• What the task requires:
The data below is to be written out exactly, with no pictures.
|---|
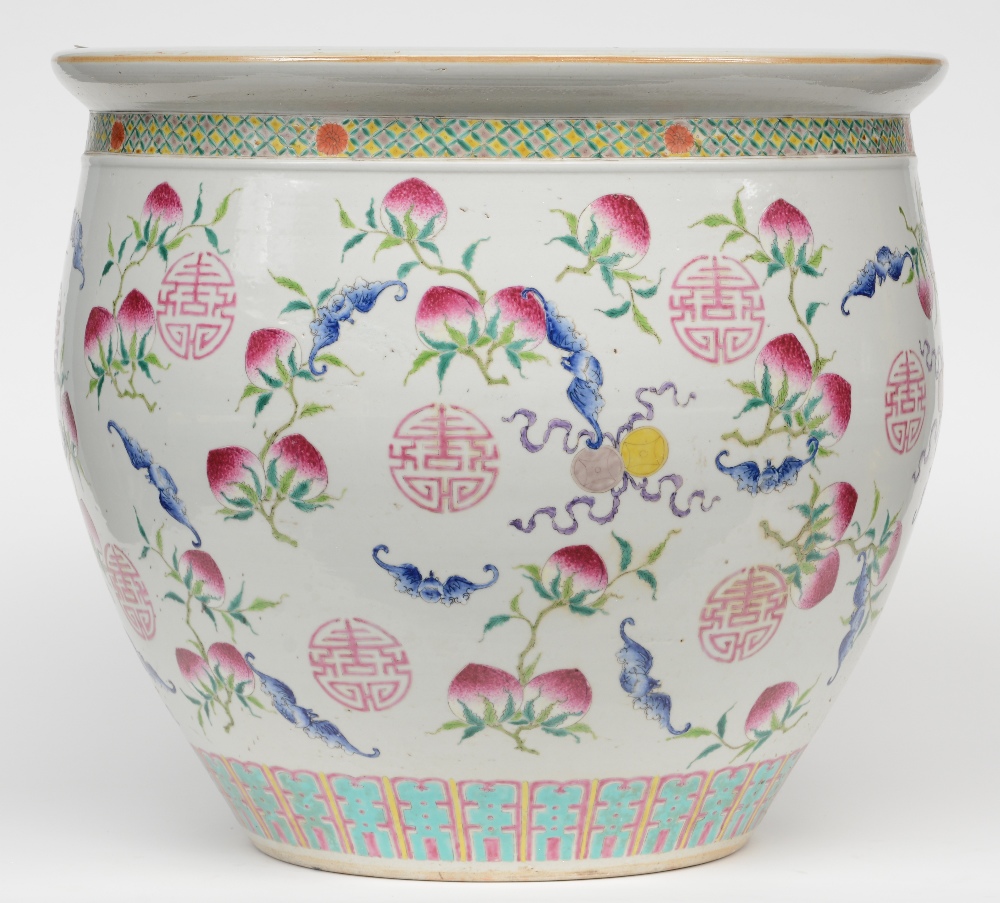 A Chinese famille rose cachepot, decorated with peaches, bats and longelivity symbols, H 51 cm, - Image 3 of 7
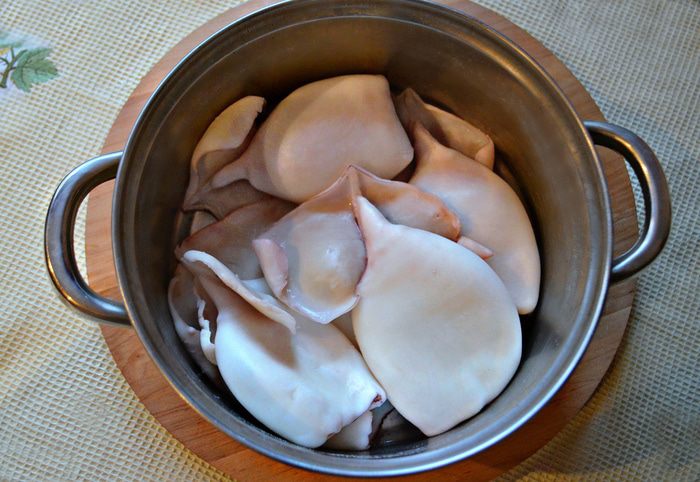 Салат с кальмарами и сельдереем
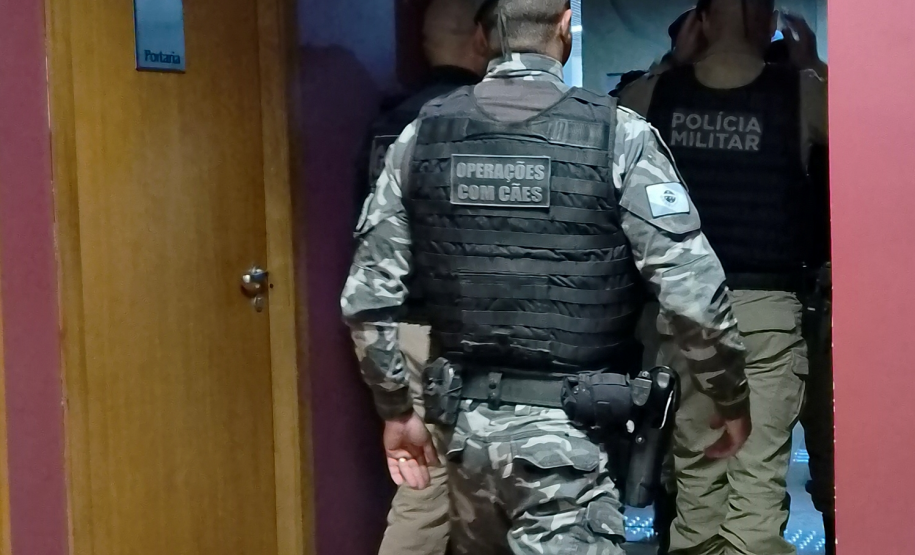 Operação integrada reúne forças de segurança e MPPR no cumprimento de 559 mandados contra facção criminosa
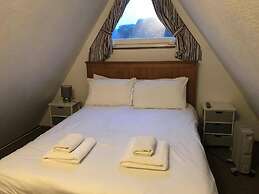 Chalet-sleeps6-parking-garden-pool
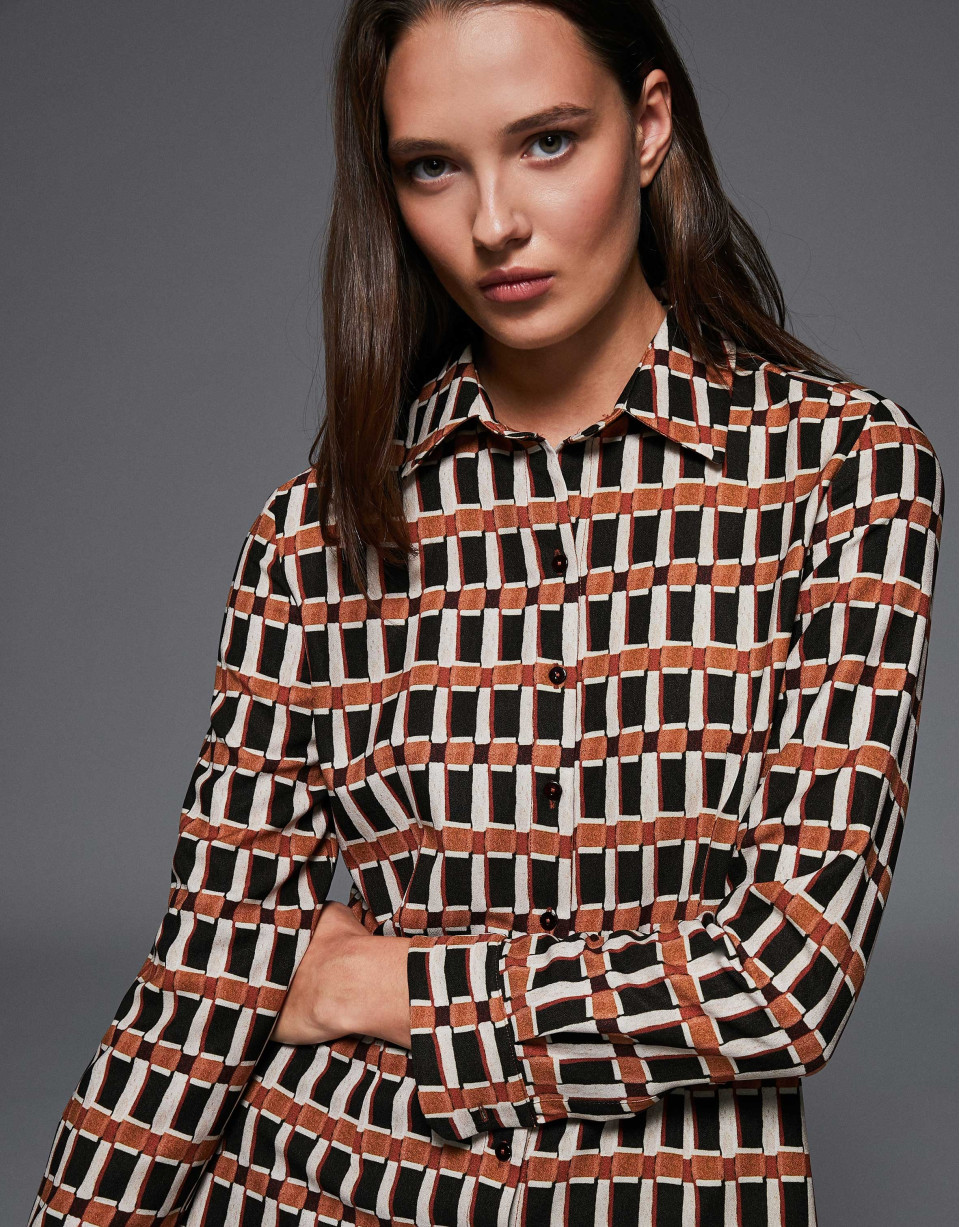 Geometric print men's shirt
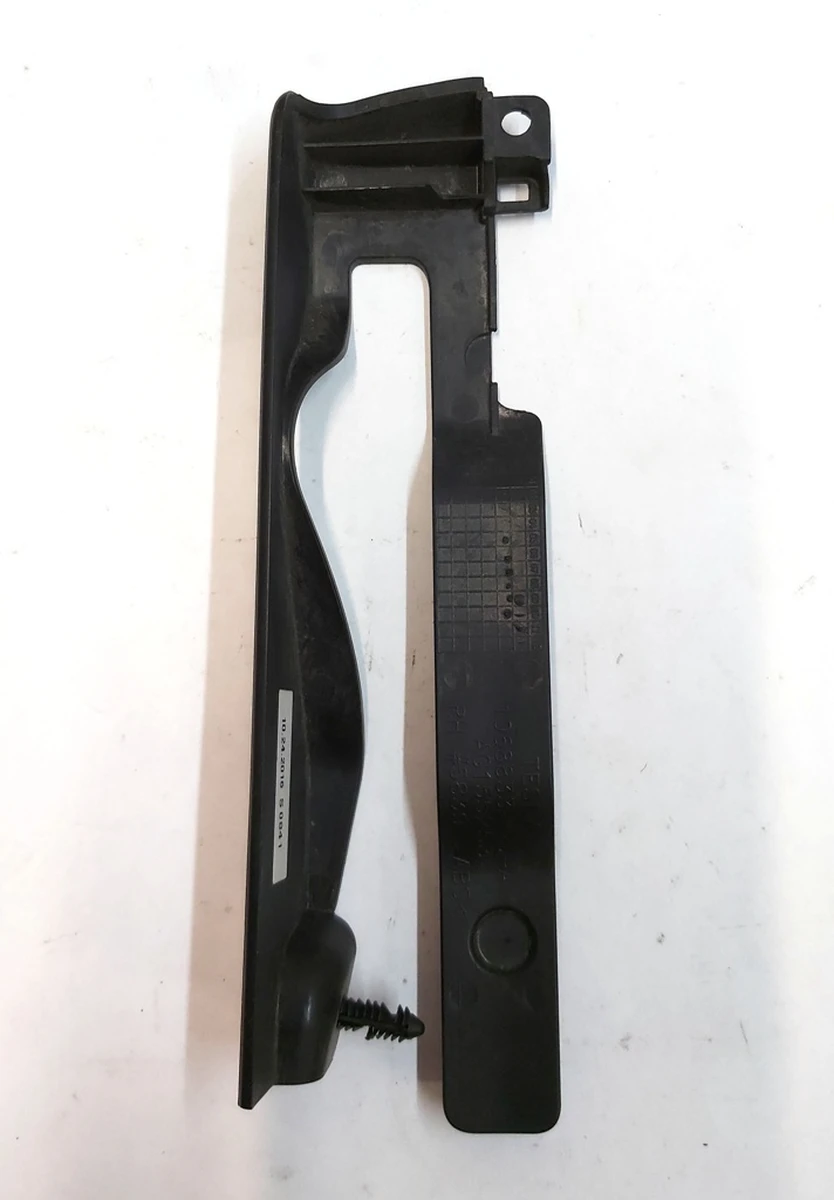 22 Накладка декоративна салазок сидіння водія нижня права задня Tesla Model X 1066633-00-A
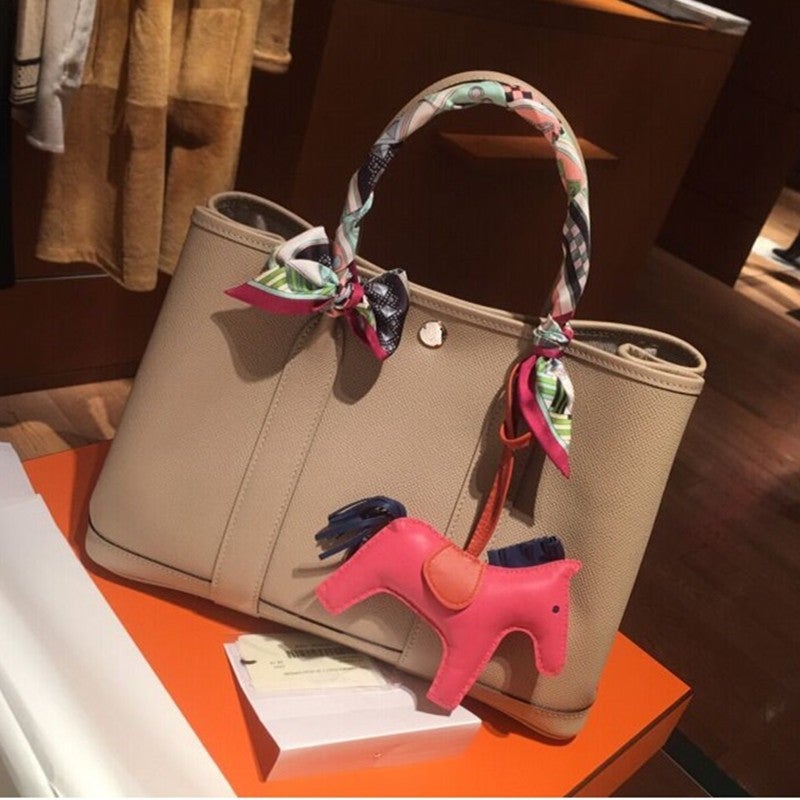 2024 Tote Bag Cowhide Women'S Bag Shoulder Crossbody Garden Bag Handbag Shopping Bag Bucket Bag - Image 1
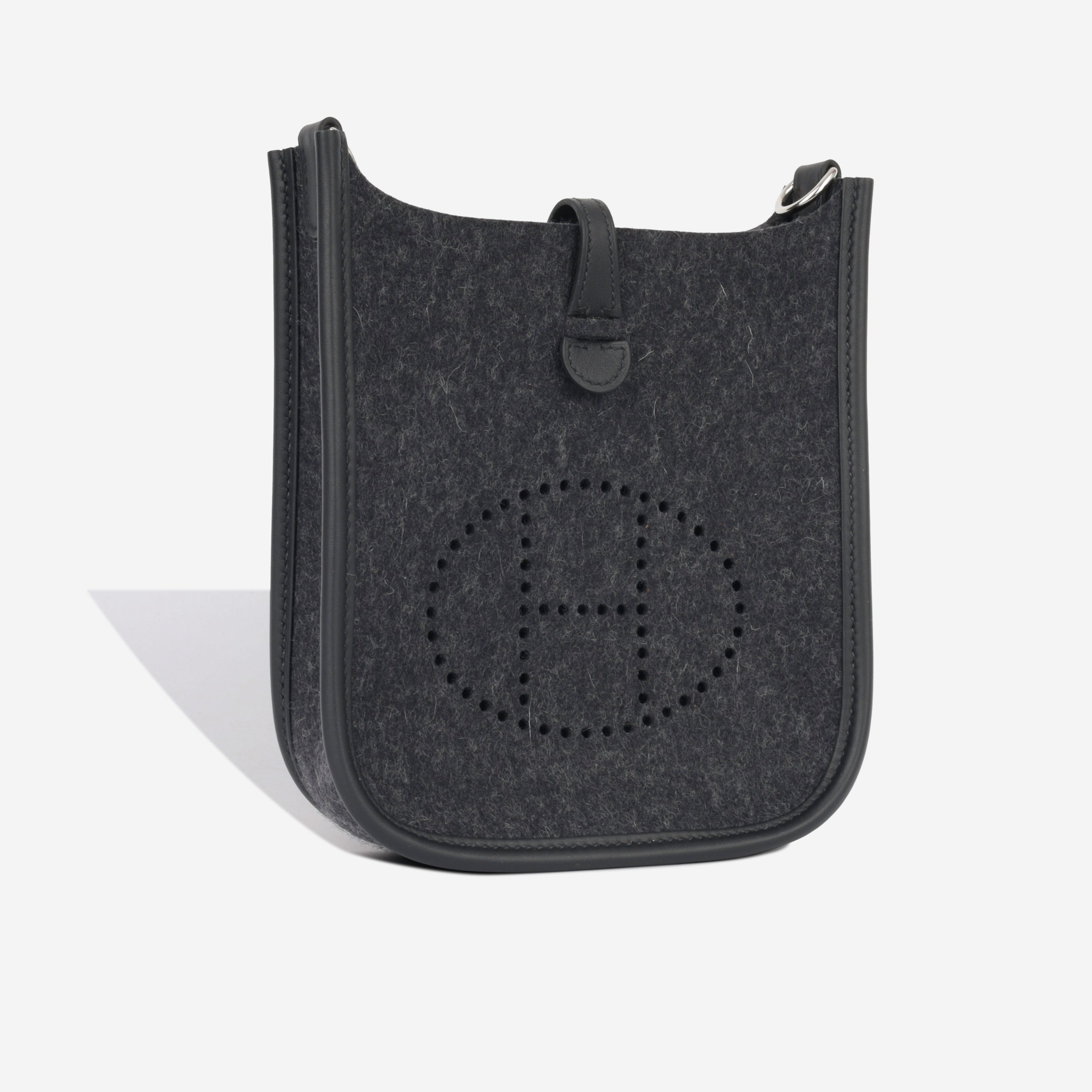 Evelyne TPM - Graphite Wool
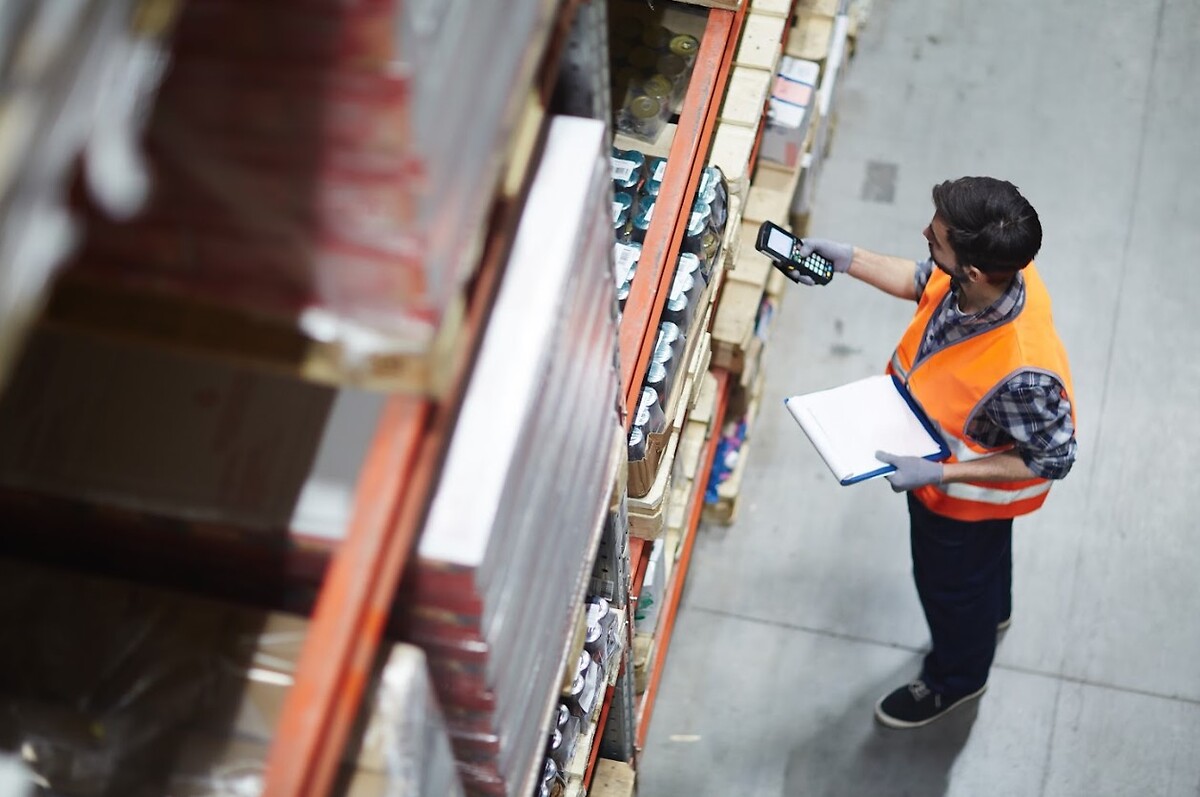 Warehouse and logistics workers using technology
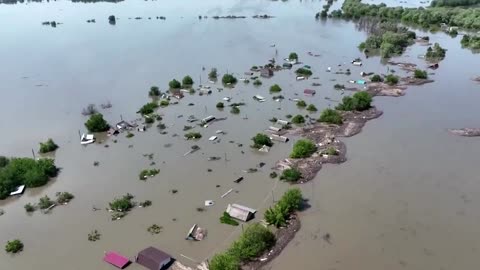 Ukrainian drones deliver drinking water to villagers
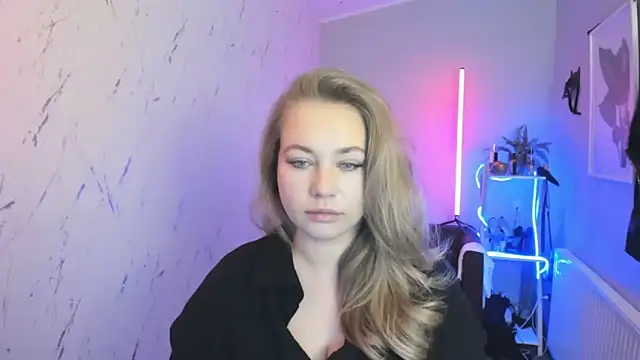 holly xglam online show from 17, 10, 2025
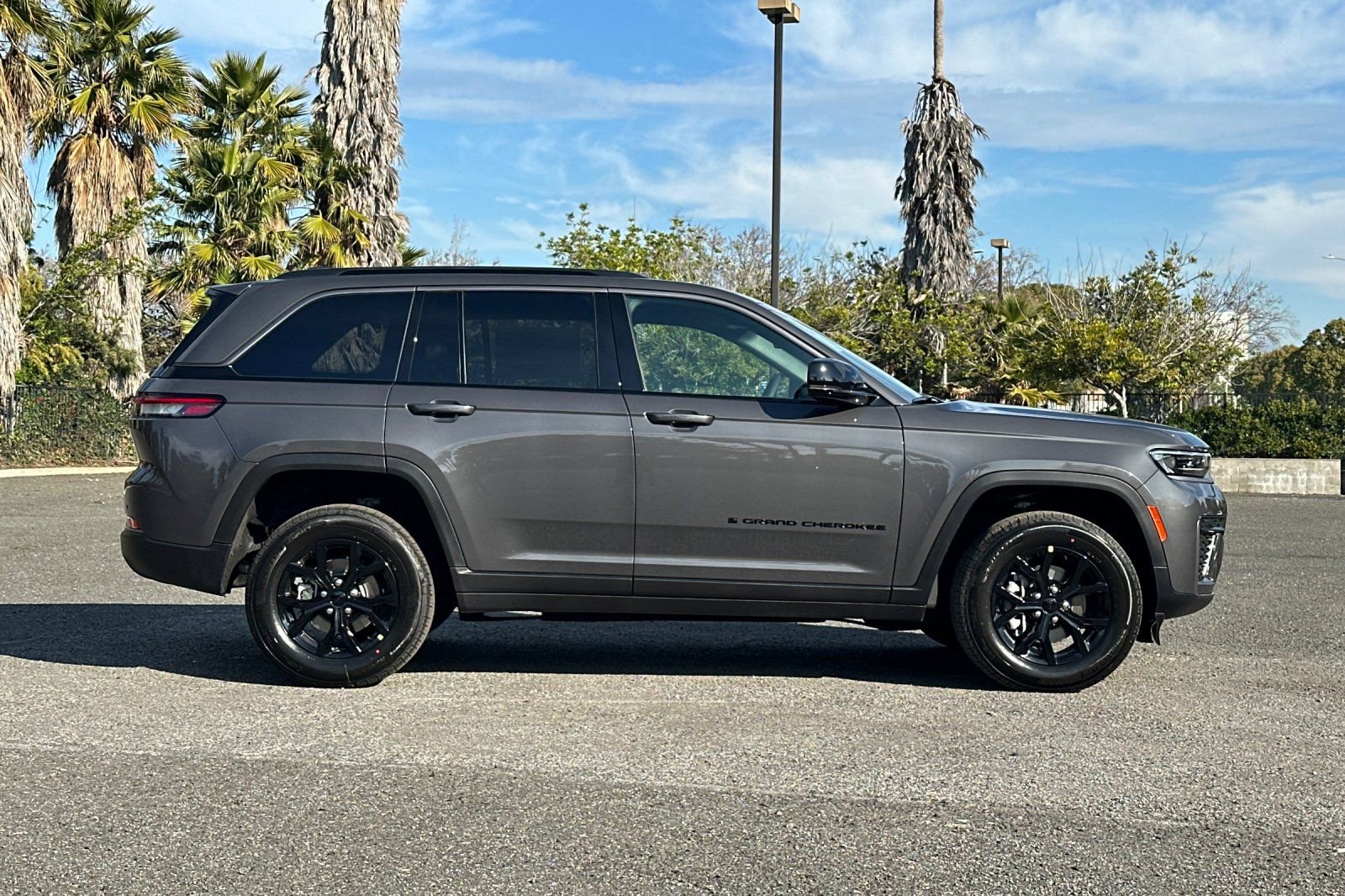 New 2026 Jeep Grand Cherokee Altitude AWD/4WD image 2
|---|
• Result of this task:
 A Chinese famille rose cachepot, decorated with peaches, bats and longelivity symbols, H 51 cm, - Image 3 of 7
 Салат с кальмарами и сельдереем
 Operação integrada reúne forças de segurança e MPPR no cumprimento de 559 mandados contra facção criminosa
 Chalet-sleeps6-parking-garden-pool
 Geometric print men's shirt
 22 Накладка декоративна салазок сидіння водія нижня права задня Tesla Model X 1066633-00-A
 2024 Tote Bag Cowhide Women'S Bag Shoulder Crossbody Garden Bag Handbag Shopping Bag Bucket Bag - Image 1
 Evelyne TPM - Graphite Wool
 Warehouse and logistics workers using technology
 Ukrainian drones deliver drinking water to villagers
 holly xglam online show from 17, 10, 2025
 New 2026 Jeep Grand Cherokee Altitude AWD/4WD image 2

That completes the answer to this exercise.